***** Supplied information *****

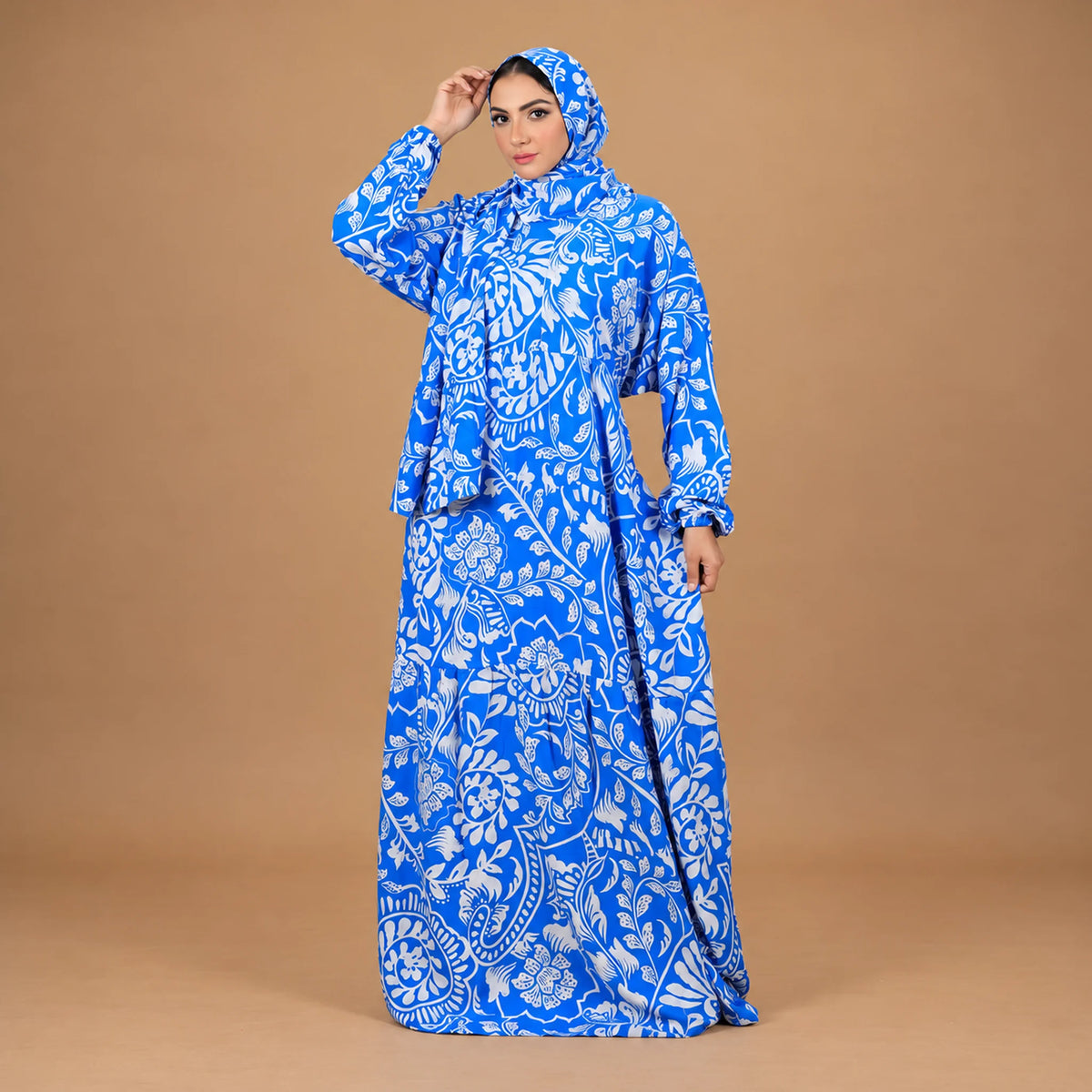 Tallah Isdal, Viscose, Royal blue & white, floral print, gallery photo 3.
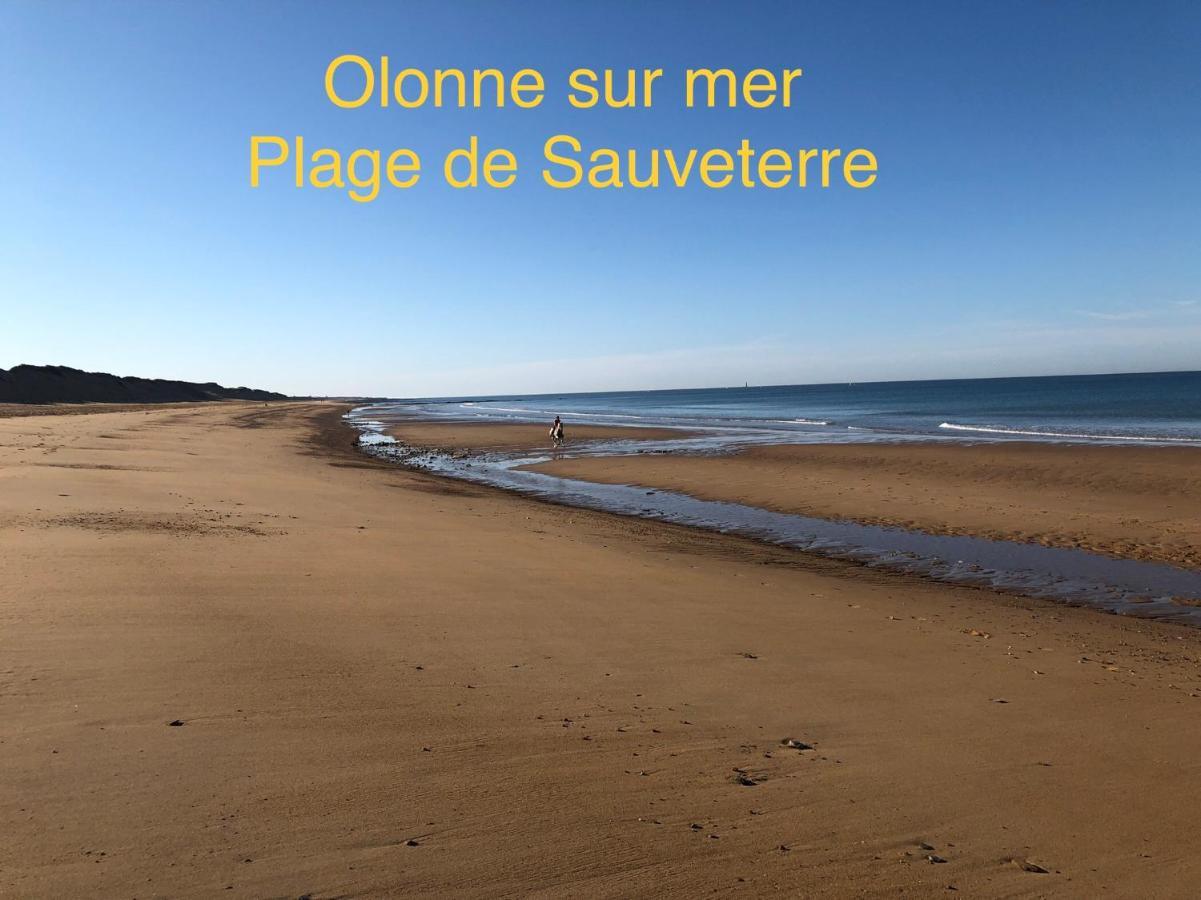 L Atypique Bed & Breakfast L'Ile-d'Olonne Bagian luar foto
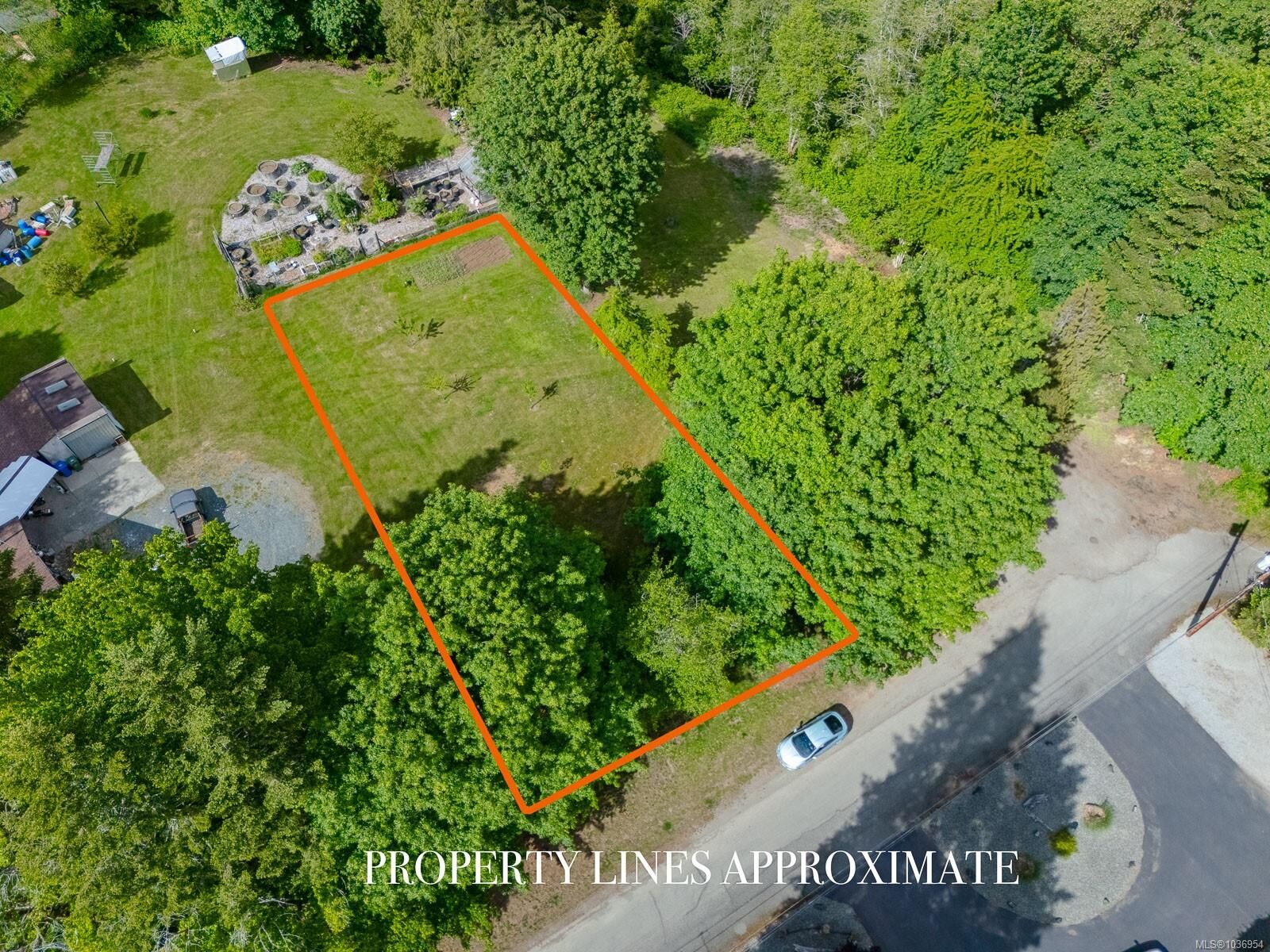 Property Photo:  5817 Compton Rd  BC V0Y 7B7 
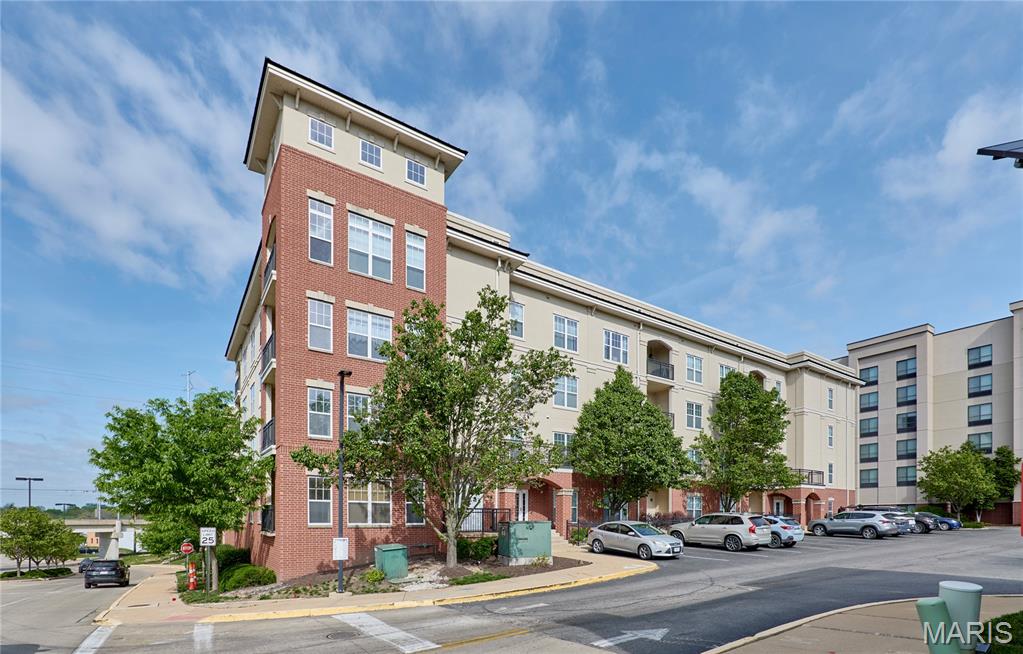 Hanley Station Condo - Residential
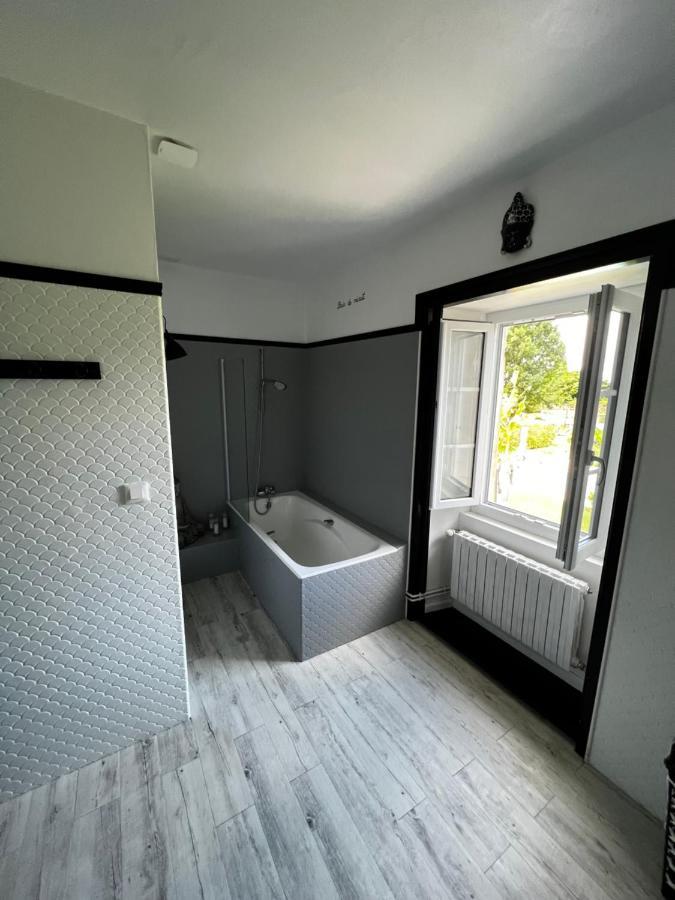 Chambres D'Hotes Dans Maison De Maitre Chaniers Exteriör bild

*****

→ Problem:
What you return should be the entries from above, unchanged and without their images.

→ Result of the task:
 Tallah Isdal, Viscose, Royal blue & white, floral print, gallery photo 3.
 L Atypique Bed & Breakfast L'Ile-d'Olonne Bagian luar foto
 Property Photo:  5817 Compton Rd  BC V0Y 7B7 
 Hanley Station Condo - Residential
 Chambres D'Hotes Dans Maison De Maitre Chaniers Exteriör bild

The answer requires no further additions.